Julie O’Brien was awarded the payout in a successful case against O’Callaghan Hotels, which is owned by Noel O’Callaghan, a Fianna Fail supporter, Bertie Ahern associate and uncle of Ryanair’s Michael O'Leary.
 
The group of hotels includes the Davenport, Alexander, Mont Clare and St. Stephen’s Green hotels in Dublin as well as hotels in Annapolis in the U.S. and Gibraltar.
 
A judgment published this week by the tribunal revealed that O’Brien became ill due to stress placed on her at work while pregnant.
 
The tribunal had heard that O’Brien was warned about the connections of the managing director, who regularly had lunch with the then-taoiseach (prime minister), in an attempt to convince her to take redundancy.
 
O’Brien was employed with the hotel group from May 2003 until March 2010. Sons were born in 2004 and 2008 and her daughter was stillborn in August 2009. During her first two pregnancies she continued to work for up to four or five hours a day during her maternity leave.
 
On the third occasion she told the company that as she has two miscarriages, she wanted to “have this child in peace.”
 
Prior to her return from maternity leave in 2008 she had requested to work a four-day week and said that the response of the managing director, O’Callaghan, was “volcanic”.
 
She claimed she was told by O’Callaghan that he would prefer for her not to be on the staff of O’Callaghan Hotels if she had a third pregnancy.
 
The company directors denied O’Brien’s version of events and said that she wanted to resign.
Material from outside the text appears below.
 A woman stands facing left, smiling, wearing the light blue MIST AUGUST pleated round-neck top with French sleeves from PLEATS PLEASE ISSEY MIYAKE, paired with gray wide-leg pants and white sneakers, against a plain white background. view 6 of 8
They agreed that she performed very well in a very senior role in the company.
 
However, the tribunal equality officer Orlaith Mannion found that O’Brien was victimized and discriminated against.
 
She awarded  €220,500, 21 months salary, for the harassment and discriminatory dismissal.
 
She was further awarded €94,500, nine months’ salary, for the distress caused by victimization.
 
The company was also ordered to pay interest on half of the compensation.